Friday, January 21, 2011


As you may recall from my previous post "A Case of Privilege" there was a ruling last year in the Chaytor case on the abuse by some MPs of Parliament’s system of expenses, which surfaced spectacularly in 2009. In the latest episode in this saga at the start of this year David Chaytor, a former Labour MP, was sentenced to 18 months in prison for false accounting. On January 11th it was the turn of Eric Illsley, who kept his seat at the last general election, to appear before a judge. He pleaded guilty to fraudulently claiming £14,000 in expenses associated with a second home, and later announced his resignation from Parliament. He is likely to face jail as well. Four other politicians—two ex-MPs and two peers—have been charged with similar offences, and the police are investigating several others. Nice to see the wheels of law churning and catching a few guilty parties.

Thursday, January 20, 2011

A Matter of Perspective

I came across an really thought provoking book last night as I was wandering around the internet: The Legal Analyst - A Toolkit for Thinking about the Law by Ward Farnsworth. I've only read to the second chapter so far but what I've read really helps me to conceptualize things.
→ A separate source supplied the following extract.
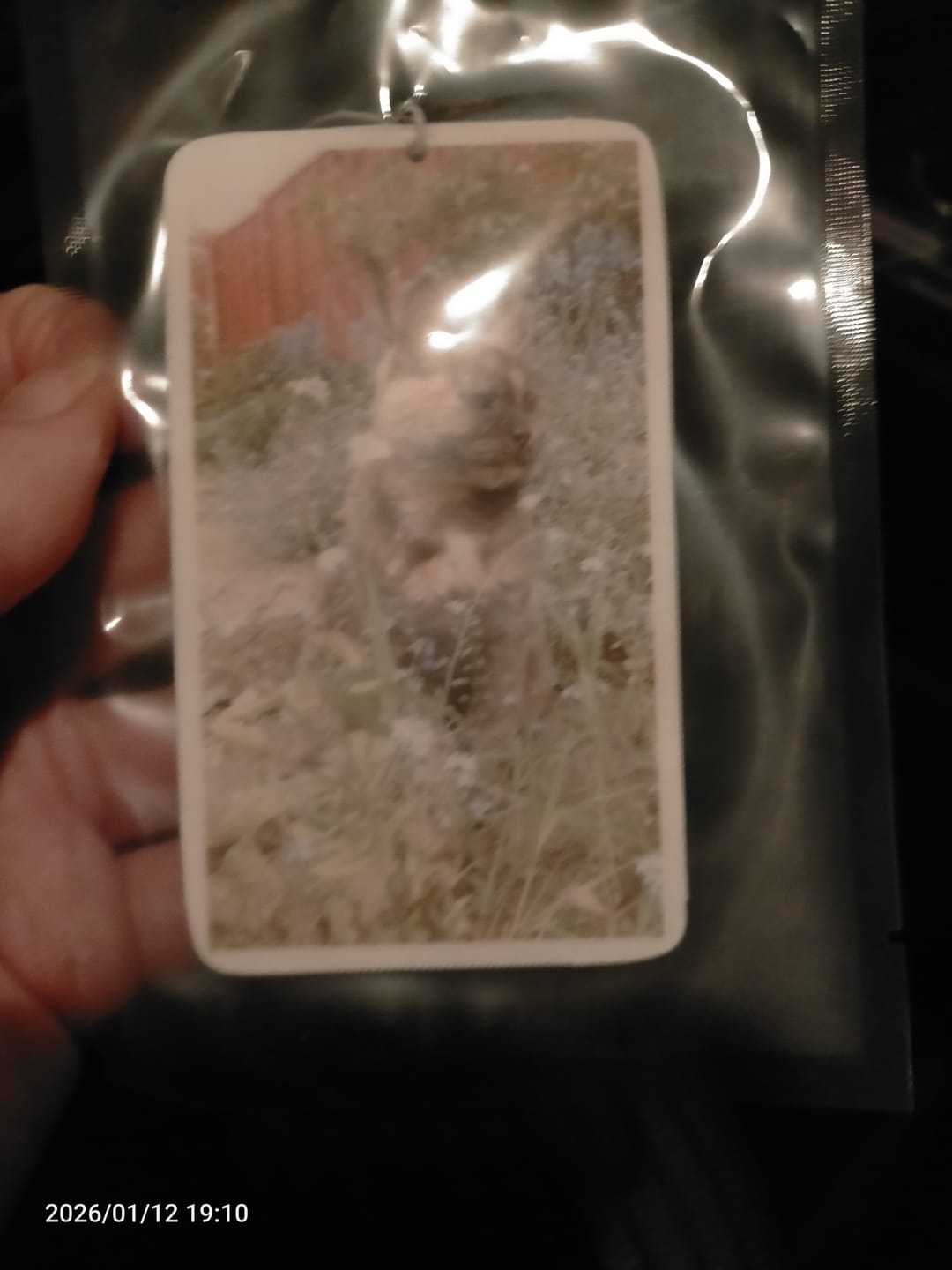 Customer photo review of Personalised Custom Car Air Freshener With Your Photo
One great point is to view the law through the perspectives of ex ante and ex post. The ex post perspective involves looking back at a disaster or other event after it has occurred and deciding what to do about it or how to clean it up. The second perspective, ex ante, involves looking forward and asking what effects the decision about this case will have in the future —on parties who are entering similar situations and haven’t yet decided what to do, and whose choices may be influenced by the consequences the law says will follow from them.

Thursday, January 6, 2011

Another Milestone

When was the last time that you actually saw a milestone? I always find them quite interesting actually, almost like Stonehenge to be honest. A quaint relic of a time gone by, weathered by the elements yet still visible. Perhaps not as much of a mystery as the Wiltshire stones but still intriguing. At least to me.

In any event today I reached another milestone in my quest for the LLB. I stopped by my local examination centre this morning to get their sign off on my papers to sit my exams in the spring and I have just posted them to the university. In a few more days I can expect a much more visible sign when the fee for the exams is deducted from my account.

Slightly behind where I wanted to be at this point but I will be putting my nose to the grindstone over the next few months so keep the bandages handy...

Monday, January 3, 2011

Happy New Year

Big apologies for the slide in my number of postings at the end of last year. I am going to use the excuse that I was deep deep in studying and could not even be bothered to lift my nose out of the books to eat and drink much less to post a few words here. I will leave it up to you to decide whether this is true or not but I am going to stick with it...

I have actually made a bit of progess in the past couple of months especially in criminal law but there is a strange thing which is slowing me down - a lack of index cards. Sadly it is impossible to get index cards where I live (hard to believe I know but seemingly true). I wanted to use them to make flash cards to study the huge number of accumulating cases. Somehow I got really fixated on this issue and searched high and low for index cards but was unable to find them in any shop or office supply store. Neither was Santa clever enough to find them. So I am left to my own devices to find an old fashioned means to study the cases. Open to suggestions so if you have any good tips please write back and let me know.